So David Valdes Greenwood is the fabulous author of three books: Homo Domesticus, A Little Fruitcake, and The Rhinestone Sisterhood, for which he travelled through the world of small-town festival queens. That is, pageant ladies with titles like Frog Queen and Swine Queen who represent their towns’ local industries in sparkling and glamorous fashion.
Fittingly, I met David at the Pulpwood Queens’ Girlfriend Weekend this past January, and we not only shared barbecue and Frito pie but danced at a honkeytonk, along with many other authors, whilst he was dressed as the White Rabbit (and yours truly as a mermaid, of course). This is, as everyone knows, how authors bond. Here is David bonding with me and that ne’er-do-well Jeanine Cummins.

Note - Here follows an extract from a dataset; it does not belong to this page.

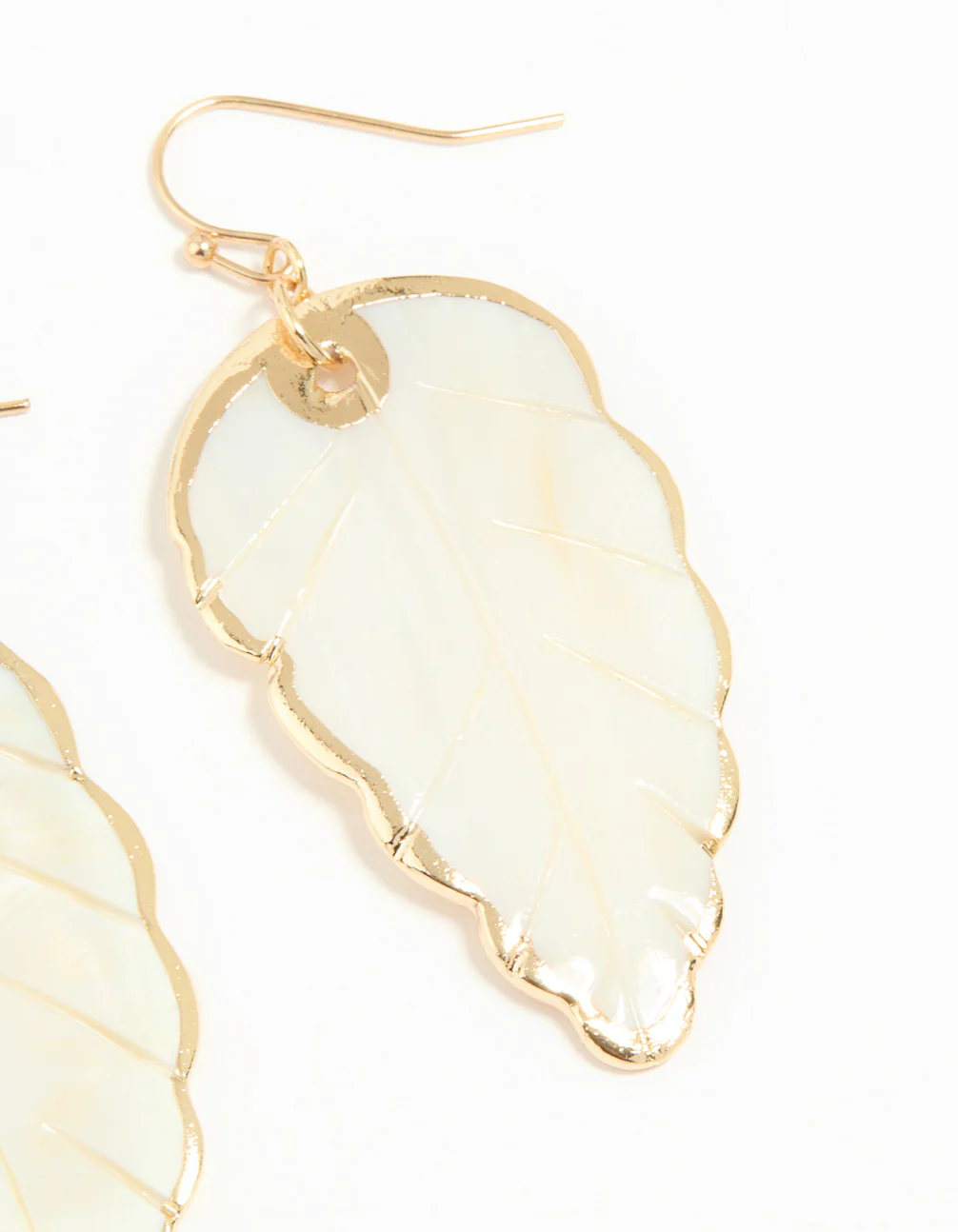 Gold Genuine Shell Leaf Drop Earrings - Image 5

So amongst all those queens and princesses and general pageantry, you know there had to be some mermaids somewhere, and I mean on the festival circuit, not just at Girlfriend Weekend. Below, David graciously shares with us a story of one such encounter.
MERMAIDS ON PARADE
by David Valdes Greenwood
You never know where you’ll find a mermaid. When I was traveling the country following the adventures of small-town festival queens for my book The Rhinestone Sisterhood, I discovered a school of mermaids in a most unlikely place: on the sun-baked city streets of northern Washington state. Their on-land identities were nearly as surprising: they were the 2008 Irrigation Queen and her Irrigation Princesses (one of whom is shown here). The Sequim Irrigation Festival – at 116 years, the oldest continuously-held event in the state – pays tribute to the importance of water in transforming the dry prairie into rich agricultural terrain. And if you’re going to celebrate the magical properties of water, who better than mermaids to represent you? Of course, it’s not easy being a mermaid: unlike mere mortal queens representing more earthbound titles, the queens on this float had to wave not only their hands but their tails.